After a season and then some, my gloves have reached the end of their usefulness.  They were some Trek half fingers I picked up at the LBS.  Are all MTB gloves created equal?  Suggestions?


----------



## o3jeff (May 19, 2010)

I've been using Fox Digit full finger and they seem to be holding up really well after a few washings.


----------



## wa-loaf (May 19, 2010)

o3jeff said:


> I've been using Fox Digit full finger and they seem to be holding up really well after a few washings.



I just got a pair of these. My finger tips were slipping with the half finger ones on Scott's ride.


----------



## bvibert (May 19, 2010)

I prefer full finger gloves.  I just pick up whatever comes along on chainlove for cheap.  I seem to get about a year out of my gloves, so I like to keep them cheap.  I'm not big on washing them, so after a season I'm looking to replace them whether they're worn or not. 
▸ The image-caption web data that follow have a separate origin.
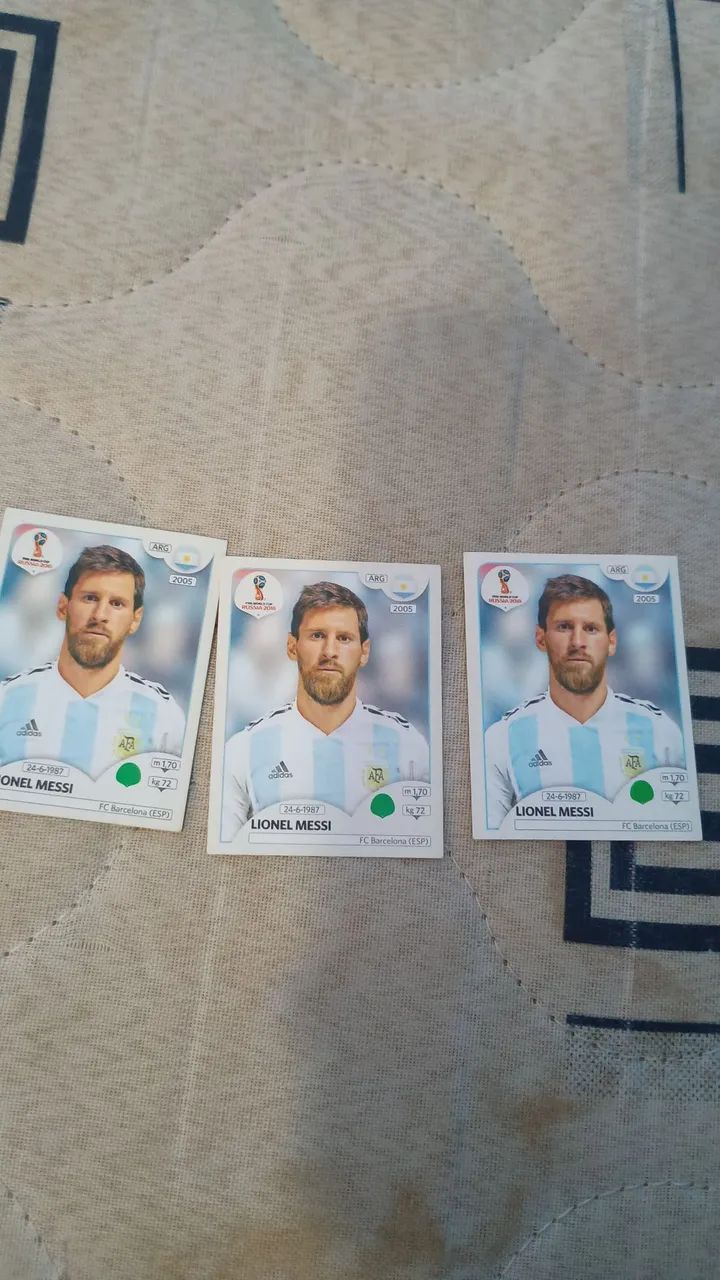 Pack de fig. copa 2018 contendo ultrarraras - Foto 4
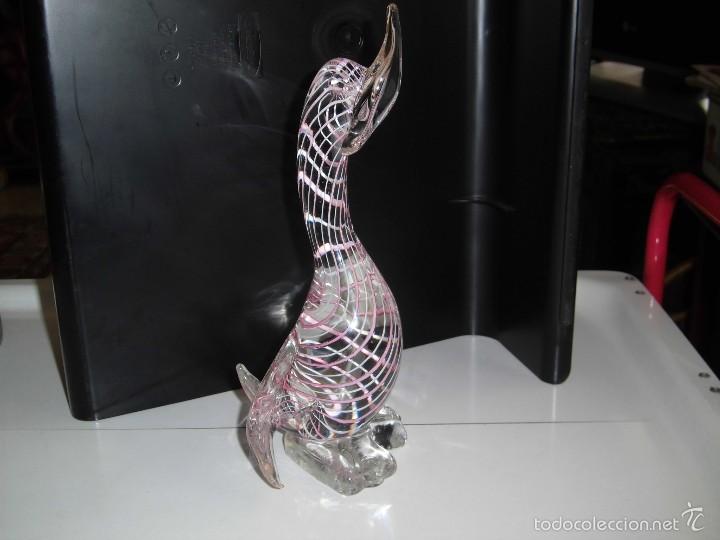 Antig&uuml;edades: BONITO PINGUINO DE CRISTAL - Foto 2
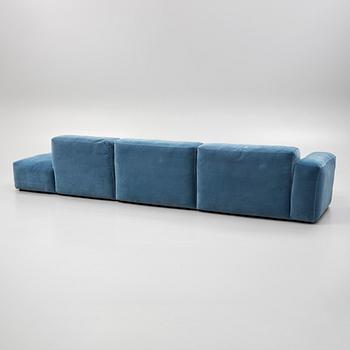 A modular sofa, "Mags soft", Hay, Denmark.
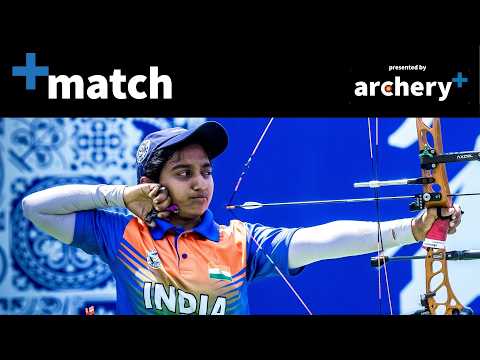 Hazal Burun (Türkiye) v Prithika Pradeep (India) | Match | 2026 Archery World Cup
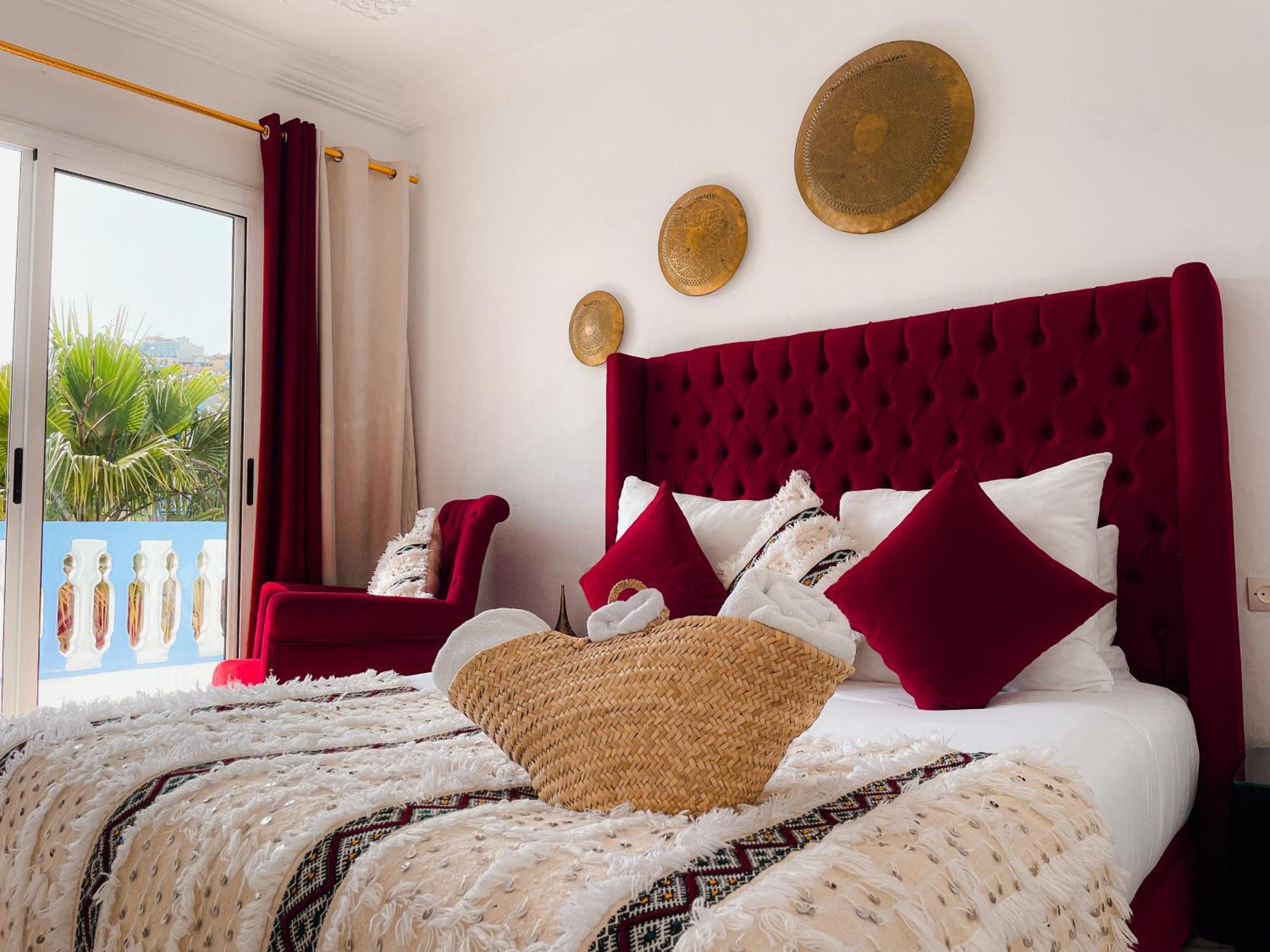 Hotel Princesse Ilham Chefchaouen Exterior foto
I have some Dakine something or other now that seem okay.  I have close to 100 miles on them with no real sign of wear.  The little grippies on the fingers seem like they're starting to peel off though...


----------



## Greg (May 19, 2010)

Fox full-finger. I think they might be Digit gloves. The seem very durable. I got almost 2 seasons out of a pair of Dakines so they're good too. Just get whatever is cheap. I prefer full-finger though.


----------